And then some of the guarantees and flipping to different structures and some of the technical stuff happens at the end of the year. So what that means is you've got $350 billion of SBA guaranteed loans that need to be approved and dispersed. It's a brand new program we've never done before. We don't know exactly the mechanics, we don't know exactly how it's going to work. We don't know exactly the economics of it just yet, and there's a ticking clock on it. These things have to be out by June 30 and the businesses need the money like yesterday. So you've got an industry now that's got to spin up procedures and policies and risk management stuff on a brand new SBA program in a matter of days. And so I think that's where this, do we know what one side's doing with the other?

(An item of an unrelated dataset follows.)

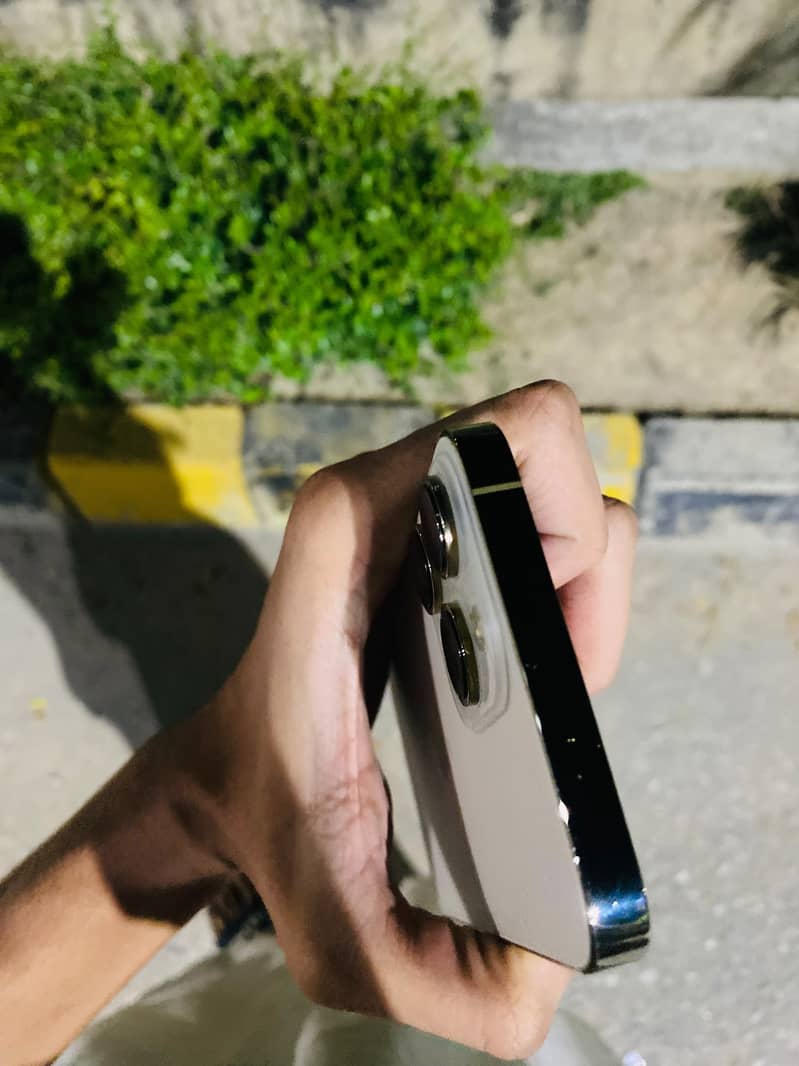 iPhone 14 Pro Max 3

So as we have borrowers coming in and saying, "Hey, I need help, I need some liquidity," are they PPP program kind of businesses? Is this business as usual and you just extend them credit? In many cases, what's probably better for that business is to put them into the SBA program even if you don't really want to because then that money is going to get forgiven and it's basically a grant from the Federal government, but you actually lose some of your potential outstandings. So anyway, some interesting dynamics there that I think have implications for the deposit topic that we're talking about here and being able to follow what's going to happen on one side of the balance sheet based on actions you take on the other. And it's not just seeing the analytics and measuring and being aware of it, you have to have a cohesive strategy there. That's what I'm not sure the banks are ready to pull off.

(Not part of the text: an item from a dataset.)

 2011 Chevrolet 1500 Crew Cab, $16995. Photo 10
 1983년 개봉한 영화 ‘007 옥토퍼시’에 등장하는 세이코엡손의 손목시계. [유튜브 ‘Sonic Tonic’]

Jim Young: I was curious if... and again, my usual layman non-banker caveat with this question here, but just thinking through it again, looking back to 2008 and what we talked about with an imbalance and just wondering if we might end up with the opposite situation here where, I mean, we talked about people... there's a lot of people out there who really need funding right now and sometimes stopgap sometimes is longer than that. And it would seem to me... and you mentioned the line of credit one, which was an interesting aspect of it, but there's a lot more wanting funding rather than a place to stash funds. And so I guess what I'm wondering about for banks and if it gets to that situation, it's not only people bringing deposits because the rates are so low and they really just need to add funds.

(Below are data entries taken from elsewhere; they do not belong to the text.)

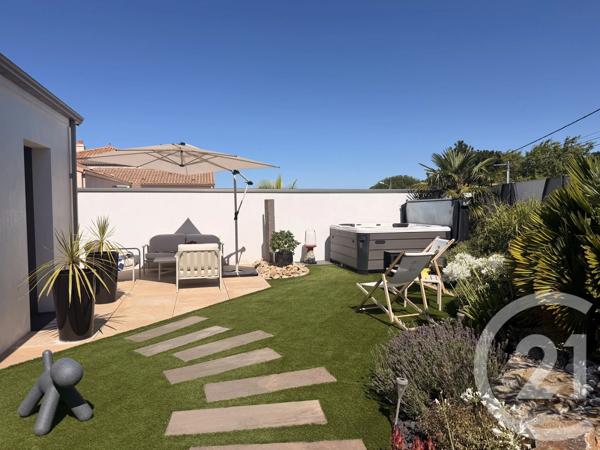 Maison à vendre  5 pièces - 128 m 2   PORNIC  - 44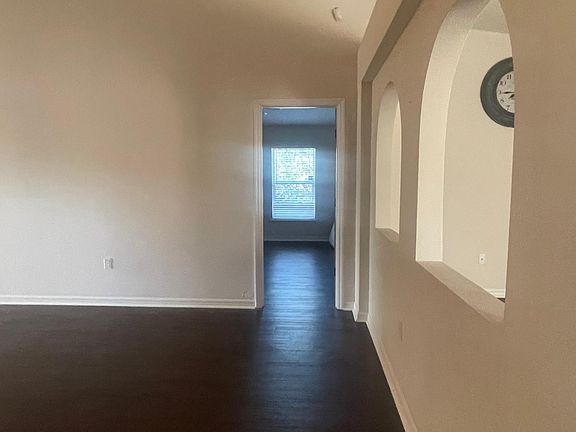 5th image of 11285 Illford Dr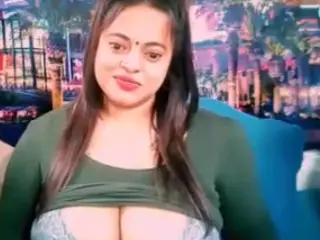 indiancumonmytits's Live Sex Cam Show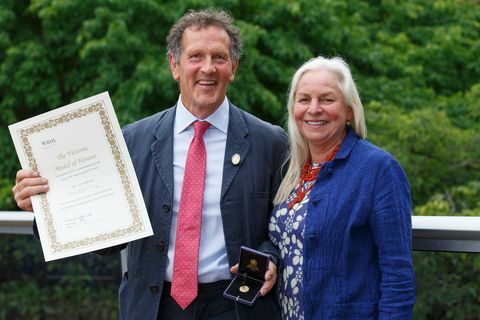 televízny záhradník Monty Don a manželka Sarah pózujú s čestnou medailou rhs victoria, ktorú dostal za výnimočné služby pre záhradníctvo počas tlačového dňa rhs chelsea flower show 2022, pondelok 23. mája 2022 rhs luke macgregor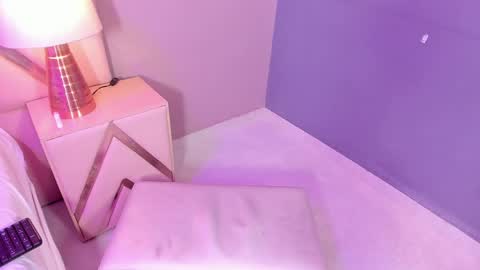   online show from April 2026 04:08:02 AM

What then can banks do to try to keep their cost of funds down if there's that big gap between loan demand and deposit supply?
Dallas Wells: That's the danger of I think banks trying to fight the last war and the scar tissue that still remains from that. So in the financial crisis, that was really... the origin was in the credit markets and in banks themselves. Right? So there was a lot of dysfunction within the system and that's not really the case at this time. This is really truly an economic shock and it's almost more of a natural disaster kind of event than some sort of-
Jim Young: Systemic issue, right?
Dallas Wells: Yeah, right. It's not a systemic thing within the credit markets where you have fear of the system surviving. And so I think there will be lots of different behaviors and the winning tactic for banks the last time around was basically get your cost of funds to zero as fast as possible. Because no matter how much you cut deposit rates, the depositers weren't leaving, they weren't going somewhere else. There was no alternatives for them to go find. And that may not be the case this time. Again, we have functioning financial markets, there are other alternatives and there's this whole fintech ecosystem of competitors out there who have really, some of it's been technological and customer service advancements, no doubt, but a lot of it's also just been plain old fashioned high rate buying deposits.
And so there's those players out there that are a part of the decision process now that weren't before. So I think there's just enough elements that are different that if the bank goes out and just says, "Hey, I've seen this before and I know exactly what to do, just slash all the deposit rates to zero across the board, the Feds at zero and don't worry, nobody's going to go anywhere. We're just going to be a wash and deposits." I don't know that that's going to be the case. And I don't know that you can just ignore the liability side of the balance sheet like we did for essentially seven or eight years last time around. You just didn't have to pay attention to it because the deposits were always there.
To your point, I think it is different this time and this is an economic liquidity shock instead of a financial markets liquidity shock.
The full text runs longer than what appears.